- _TO DO_
Give again, exactly as written, the lines of the records below from the line with "Golden clock and jewellery Stock Photo Alamy" to the line with "Photo of Daniel Rappoport in front of train". Both end lines count; pictures do not.
----- DATA -----
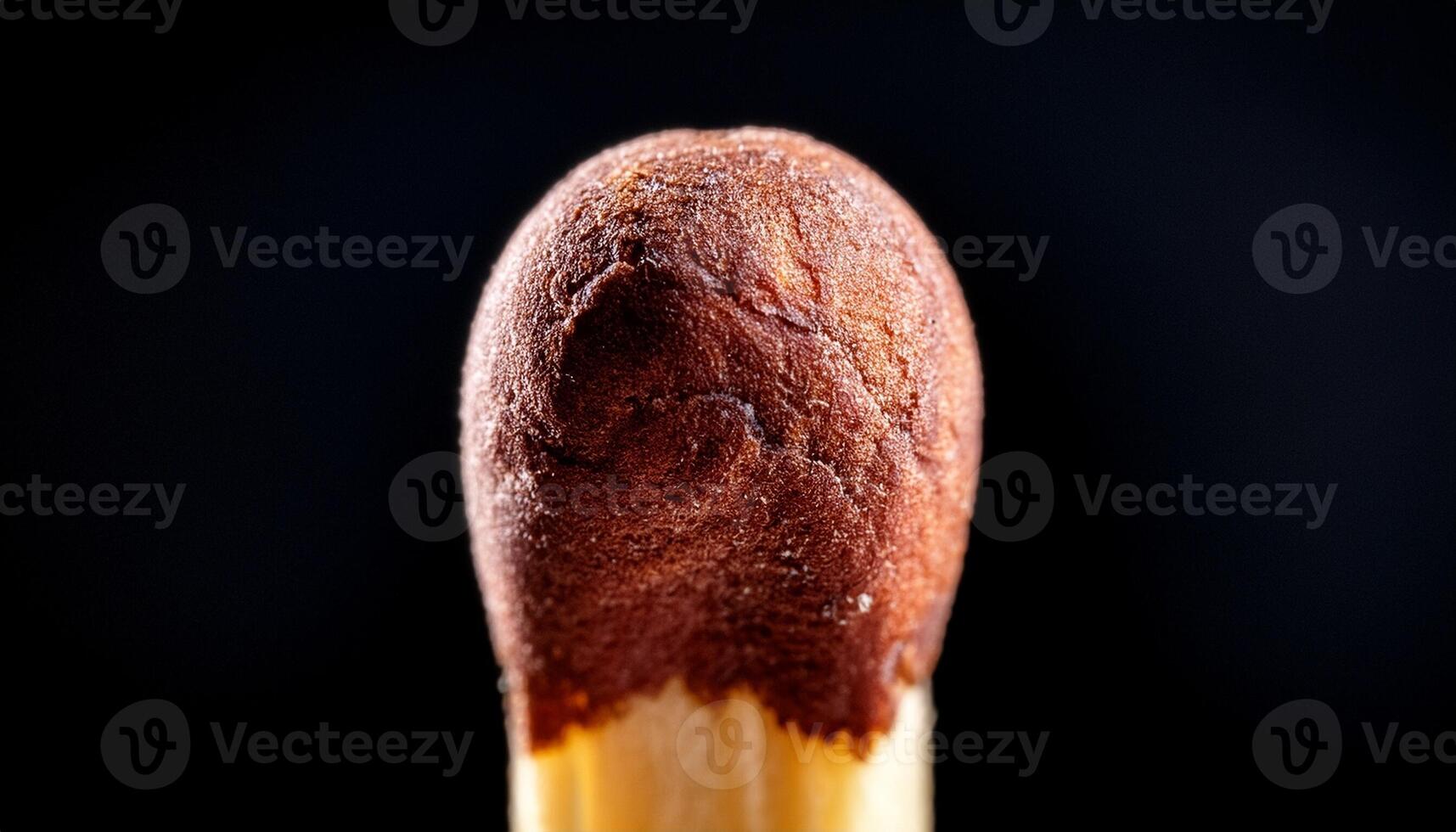 Close up of a Striking Matchstick Against a Dark Background Highlighting Its Texture and Details photo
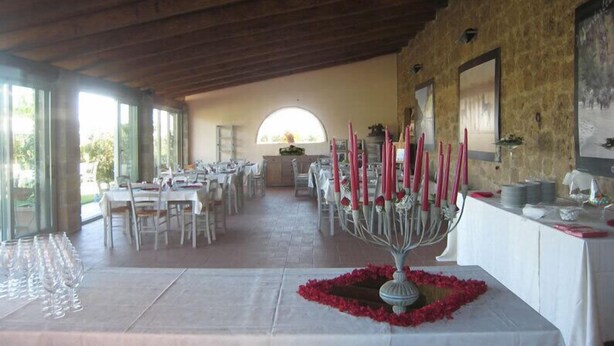 Un comedor interior con mesas dispuestas para una comida, una pieza decorativa central y una pared de piedra con un cuadro enmarcado.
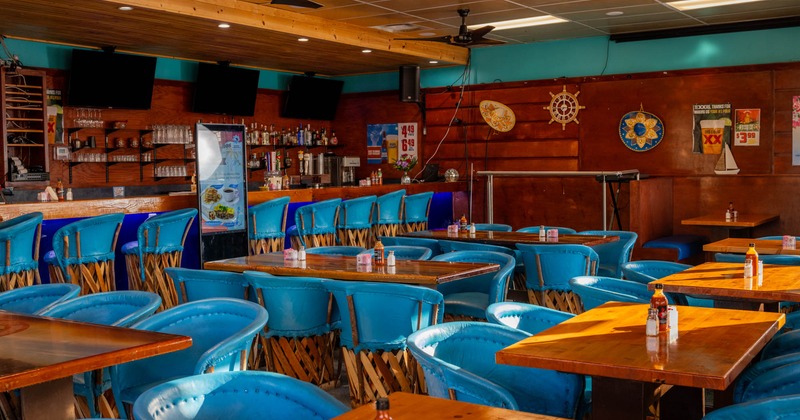 Interior, seating area with tables and chairs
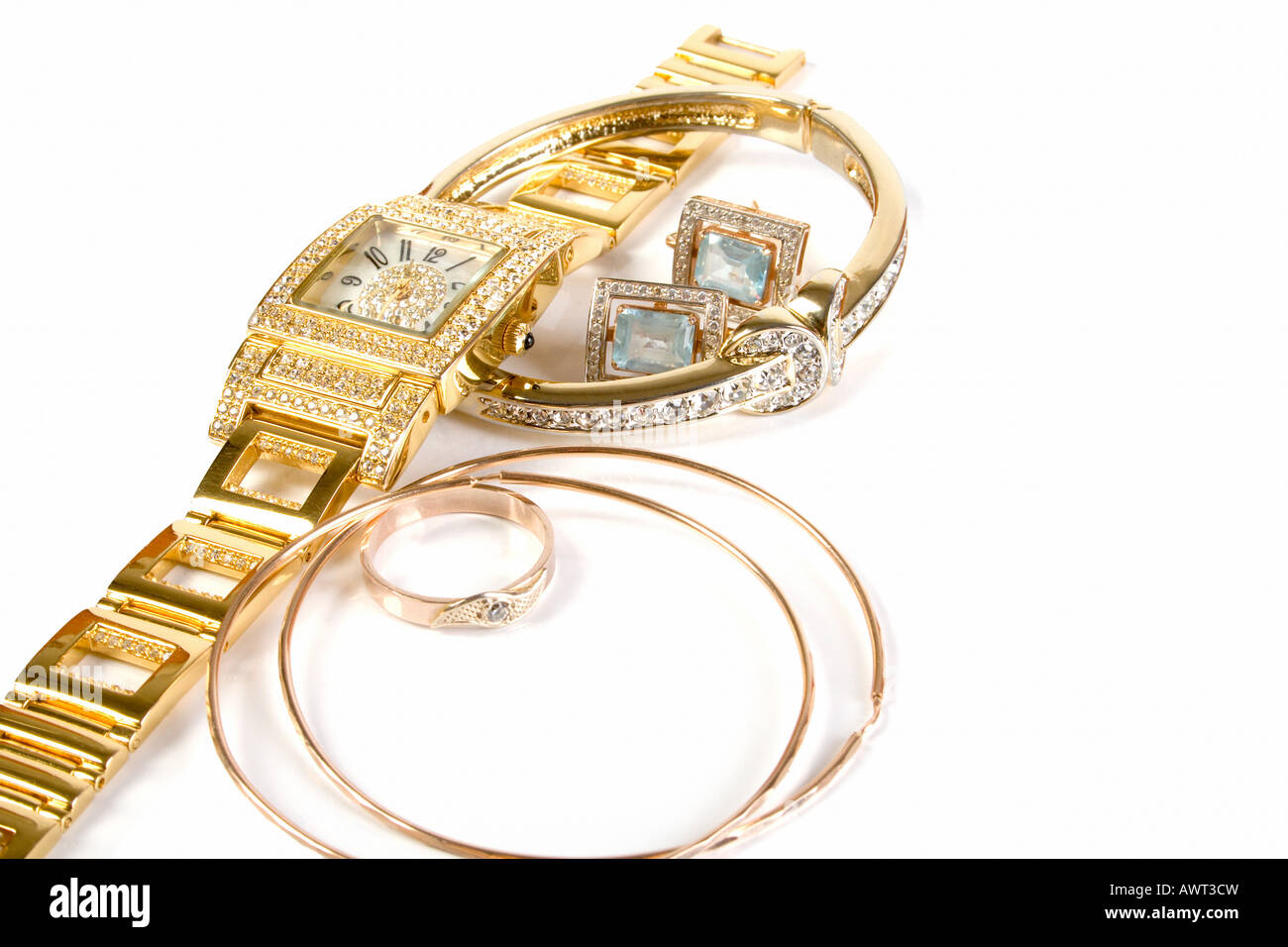 Golden clock and jewellery Stock Photo Alamy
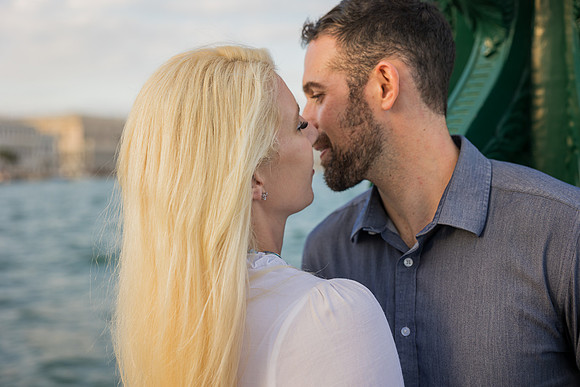 Stylish couple posing in Venice after surprise proposal.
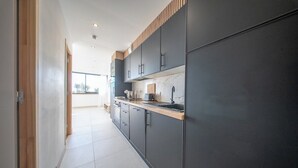 A modern kitchen with dark cabinets, a wooden countertop, and a view to the outside. - La Vie en Bleu : T3 Lumineux (Guidel)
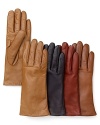 Chic short leather gloves with luxuriously soft cashmere lining. Exclusively at Bloomingdales.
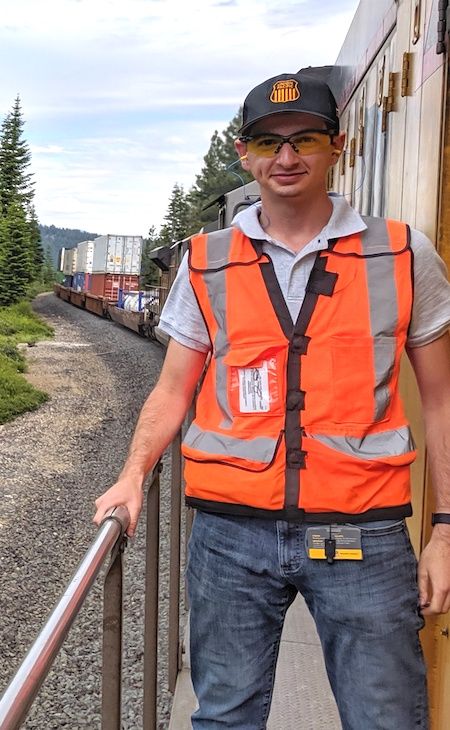 Photo of Daniel Rappoport in front of train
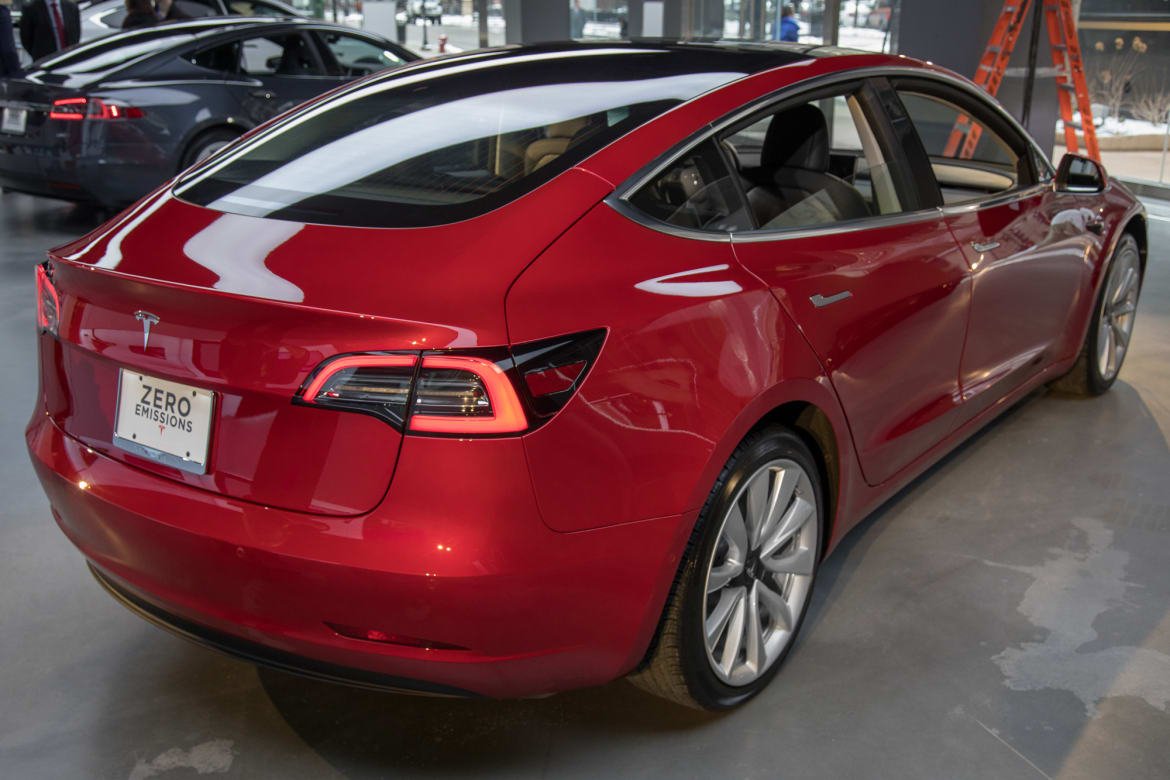 05-tesla-model-3-2017-exterior-rear angle-red.jpg
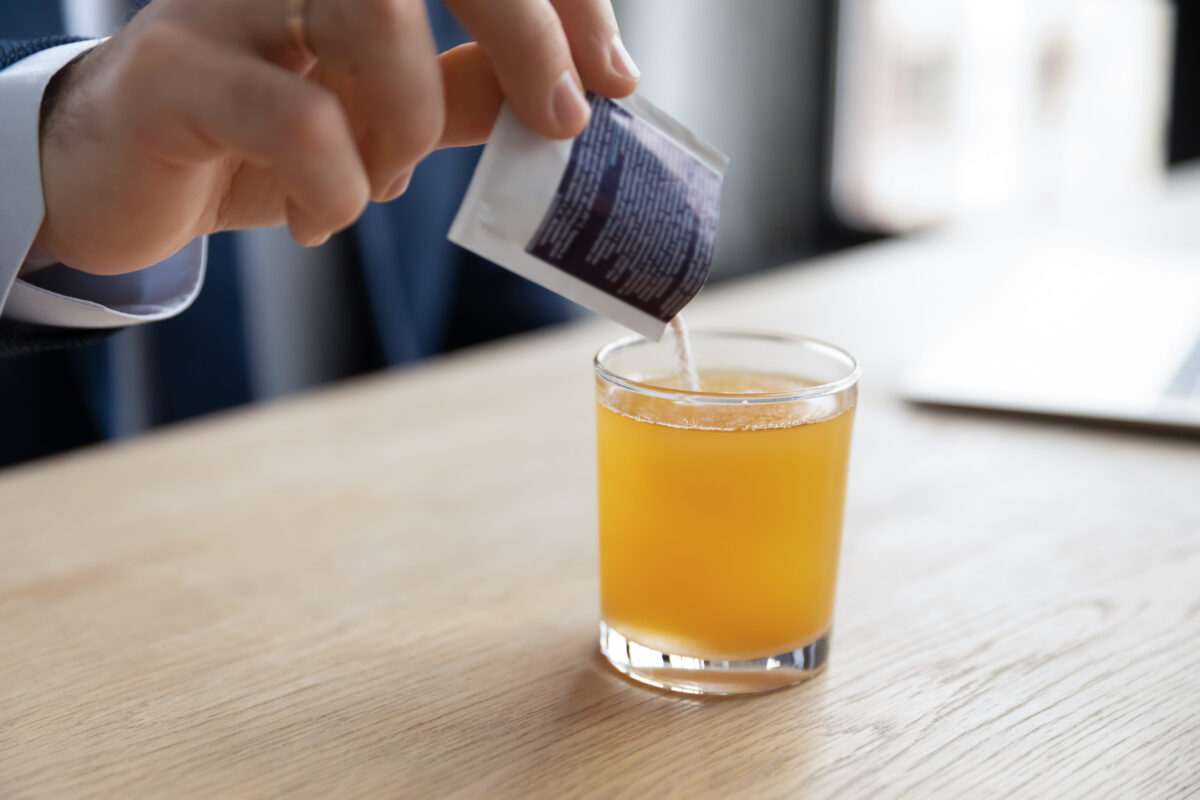 The Hidden Dangers of Juice 1 Close up young businessman pouring soluble anti-influenza orange powder with citrus taste in glass of water, feeling first grippe illness symptoms at workplace or relieving headache with painkiller.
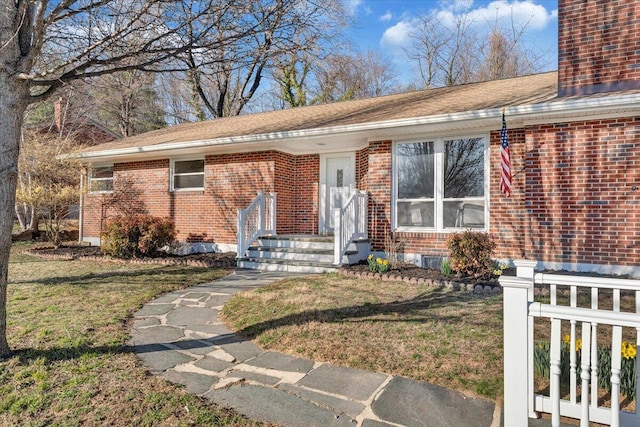 single story home with brick siding, a chimney, and a front lawn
-----
- _RESPONSE TO THIS EXERCISE_
 Golden clock and jewellery Stock Photo Alamy
 Stylish couple posing in Venice after surprise proposal.
 A modern kitchen with dark cabinets, a wooden countertop, and a view to the outside. - La Vie en Bleu : T3 Lumineux (Guidel)
 Chic short leather gloves with luxuriously soft cashmere lining. Exclusively at Bloomingdales.
 Photo of Daniel Rappoport in front of train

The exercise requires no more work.